Zu drei Leitfragen waren die Gläubigen eingeladen, ihr Verhalten zu überdenken:

Was löst der Blick auf das Kreuz Christi in mir aus?

Wann und wo suche ich bewusst Christus?

Wie können andere durch mich Christus begegnen?

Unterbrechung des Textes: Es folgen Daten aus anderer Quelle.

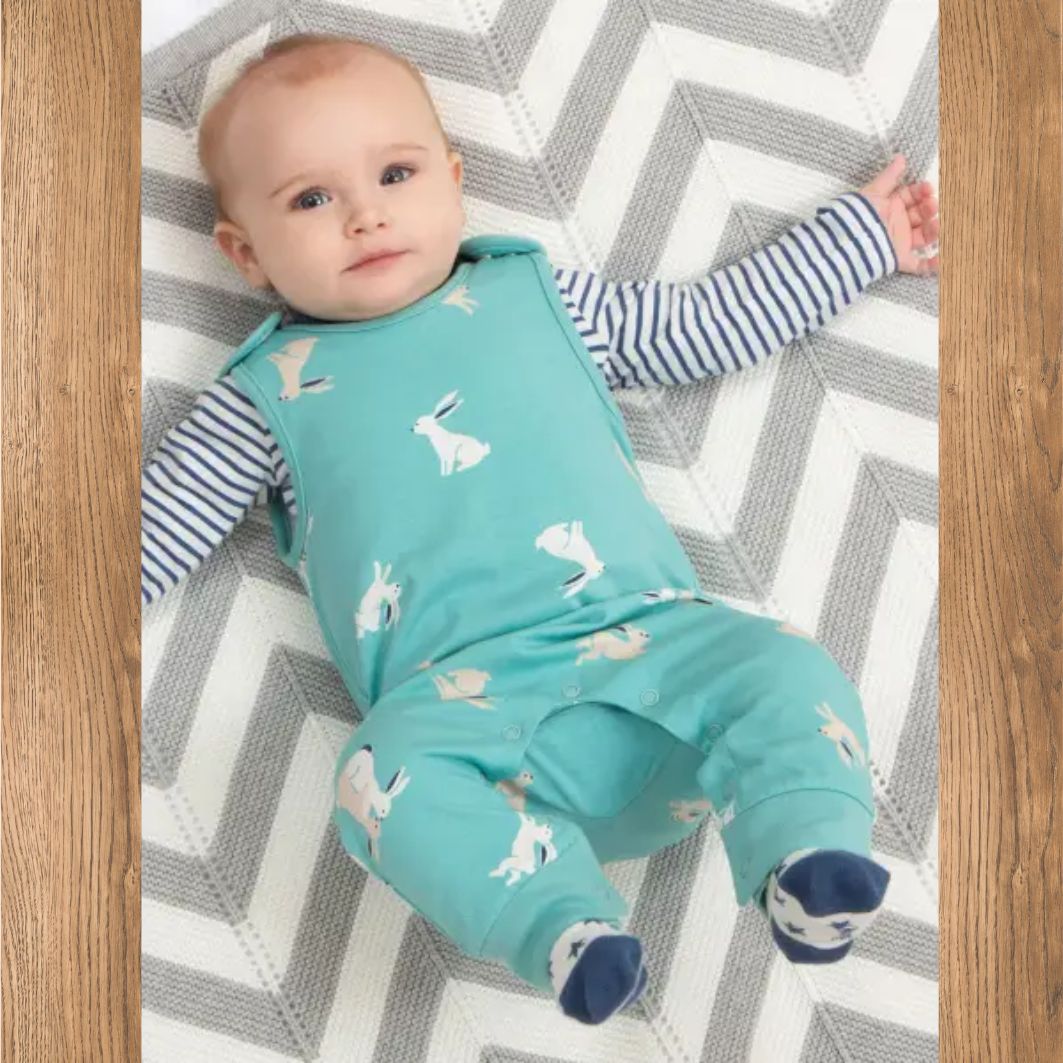 Baby lying on a chevron-patterned rug wearing a teal outfit with rabbit prints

Dazwischen blieb bei meditativer Orgelmusik Zeit zur Besinnung.

Gebet:

Jesus Christus, was wäre ich ohne dich?
Woher nähme ich die Orientierung, wenn es schwer ist, die richtige Entscheidung zu treffen?
Woher käme mir Trost, wenn mich Sorgen drücken, woher die Kraft, wenn es gilt, auszuhalten?
Du kommst mir entgegen, du bietest mir deine Nähe an:
durch dein Wort, in der Gemeinschaft mit anderen, die an dich glauben,
in den Menschen, die mir ihr Vertrauen und ihre Liebe schenken,
und in jenen, die mich brauchen.

Mache mich zu einem glaubwürdigen Zeugen für dich, damit meine Nächsten durch mich erfahren, wie gut du bist. Amen.

(Gemeindezettel zum Bußgottesdienst „Die fehlende Mitte“, Deutsches Liturgisches Institut Trier)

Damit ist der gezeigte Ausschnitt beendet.